**Data for analysis**

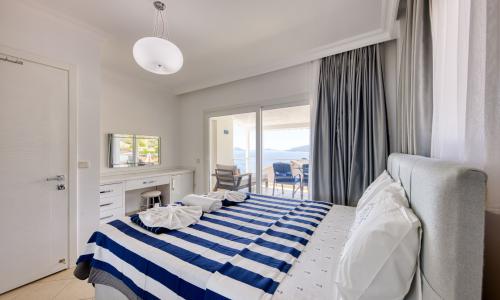 Villa Bella Luna — 48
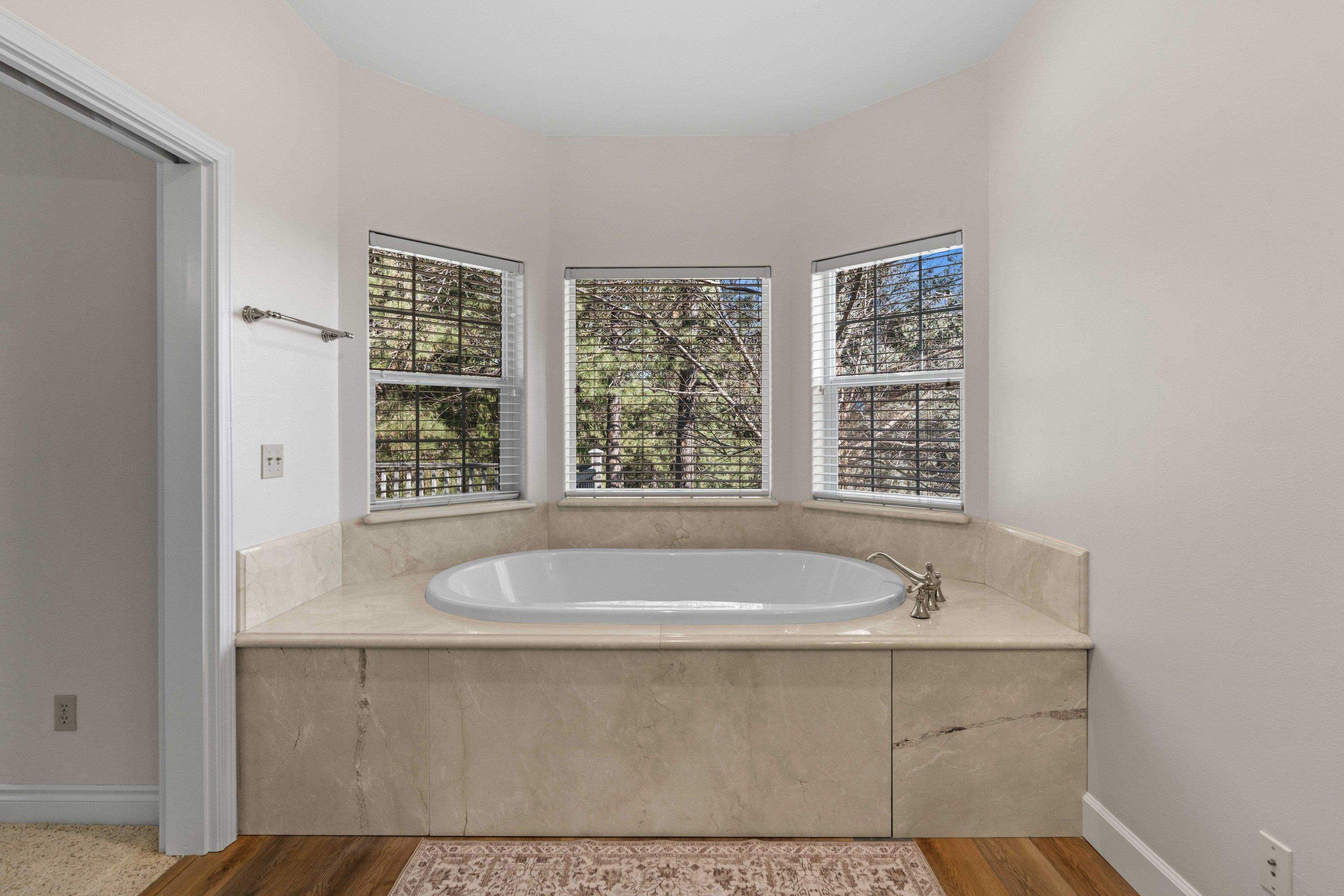 15117 E East Ridge Ln - Photo 22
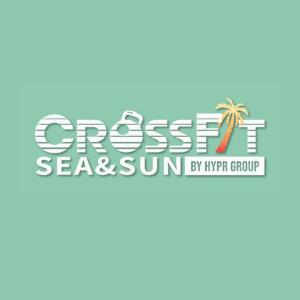 CrossFit Sea&Sun  | lee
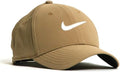 Nike Dri-FIT Moisture-Wicking Performance Swoosh Cap - Adjustable Fit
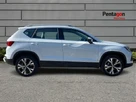 2023-seat-ateca-15-ecotsi-se-technology-small-10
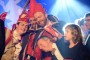 Thumbs/tn_Liedjesfestival 2016 598.jpg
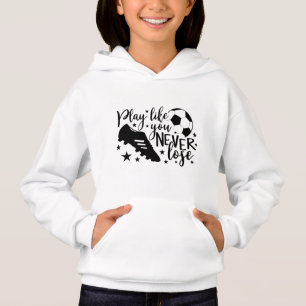 coole voetbalsport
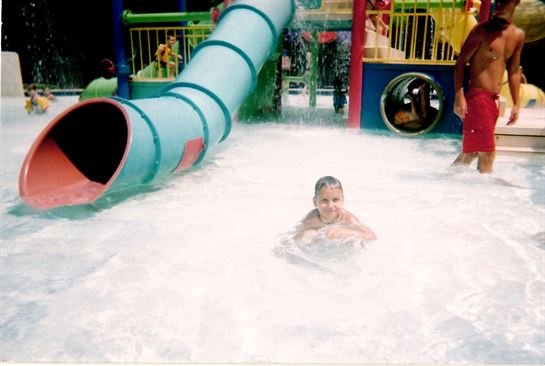 Bryce Lane Vincent - Photo 70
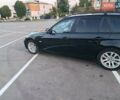 Чорний БМВ 3 Серія, об'ємом двигуна 2 л та пробігом 310 тис. км за 6100 $, фото 19 на Automoto.ua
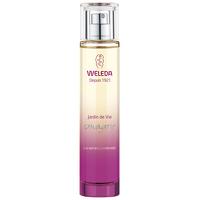 Weleda Jardin De Vie Onagre Eau Naturelle Perfumee 50ml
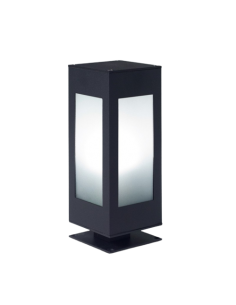 Luminis Cilio  Farola Pilar...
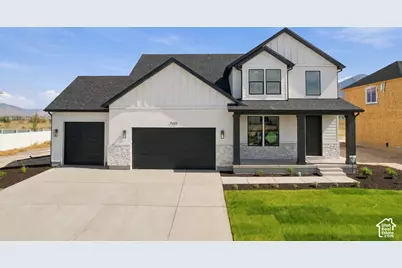 1148 N 1525 E #121, Payson, UT 84651 - Photo 1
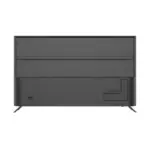 Televizor KIVI 75U760QB | Onlaynal.az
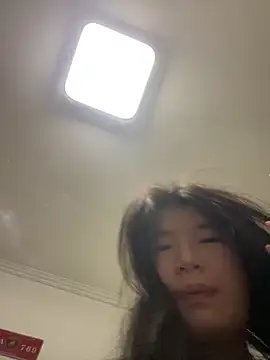 Qidandan778 online show from 8, 2, 2026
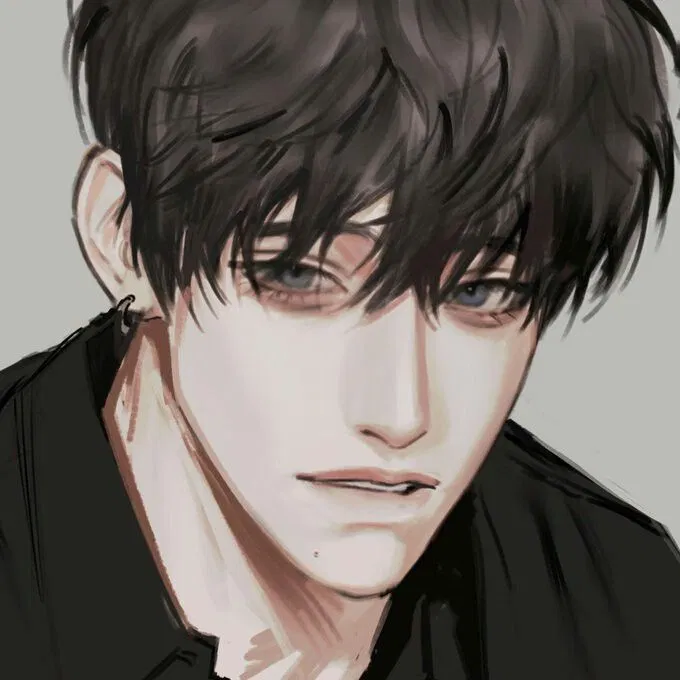 Avatar of Nam Wonsik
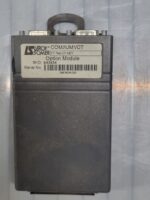 Module CT-NET - COM2UMVCT – Image 3
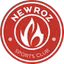 Newroz SC(IRQ)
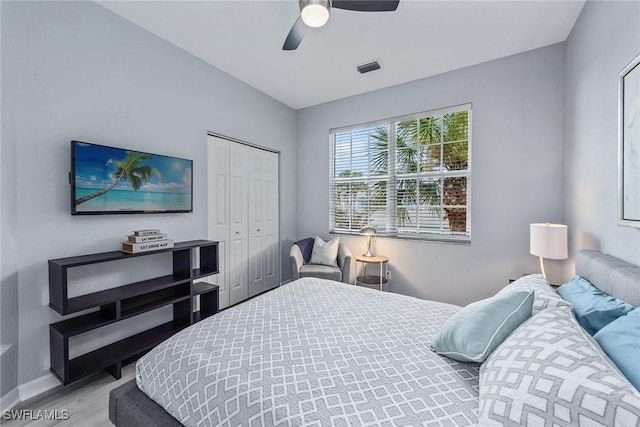 8305 Whisper Trace Way Unit 202, Naples, FL 34114 - photo 18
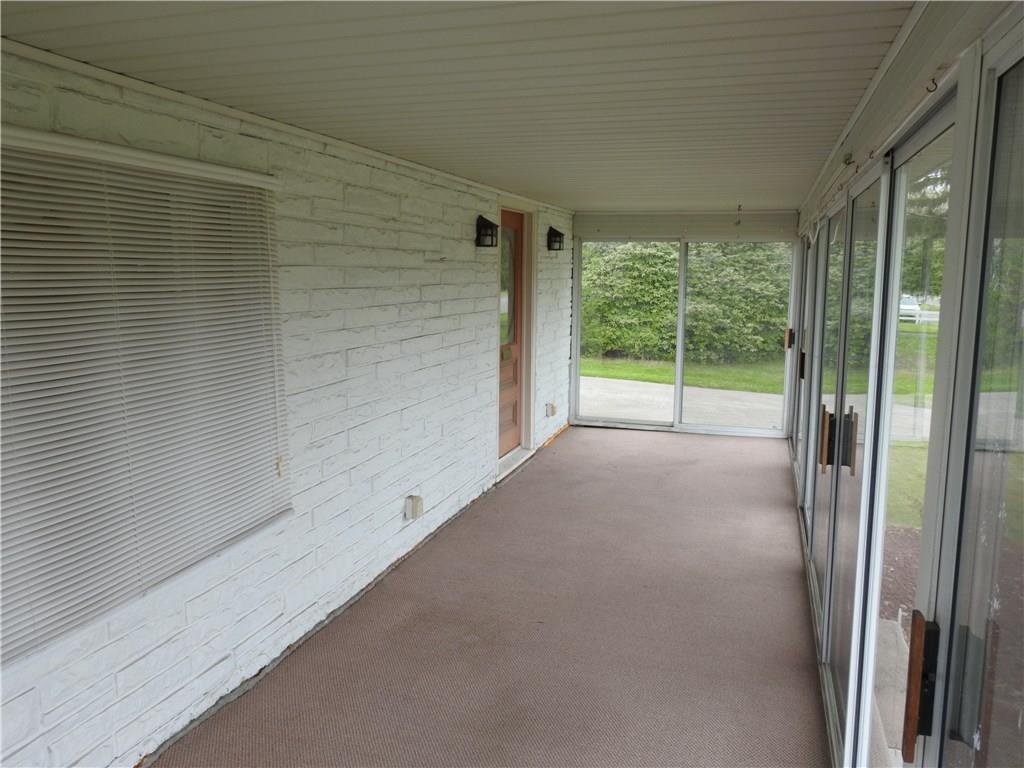 236 South Duffy Road Butler, PA 16001 - Photo 12 of 18 Gallery Image 12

**What is being asked**
From the line containing "Bryce Lane Vincent - Photo 70" to the last line of the records above, return each line exactly, both ends included, and nothing more. Leave out the pictures.

**Solution to this exercise**
 Bryce Lane Vincent - Photo 70
 Чорний БМВ 3 Серія, об'ємом двигуна 2 л та пробігом 310 тис. км за 6100 $, фото 19 на Automoto.ua
 Weleda Jardin De Vie Onagre Eau Naturelle Perfumee 50ml
 Luminis Cilio  Farola Pilar...
 1148 N 1525 E #121, Payson, UT 84651 - Photo 1
 Televizor KIVI 75U760QB | Onlaynal.az
 Qidandan778 online show from 8, 2, 2026
 Avatar of Nam Wonsik
 Module CT-NET - COM2UMVCT – Image 3
 Newroz SC(IRQ)
 8305 Whisper Trace Way Unit 202, Naples, FL 34114 - photo 18
 236 South Duffy Road Butler, PA 16001 - Photo 12 of 18 Gallery Image 12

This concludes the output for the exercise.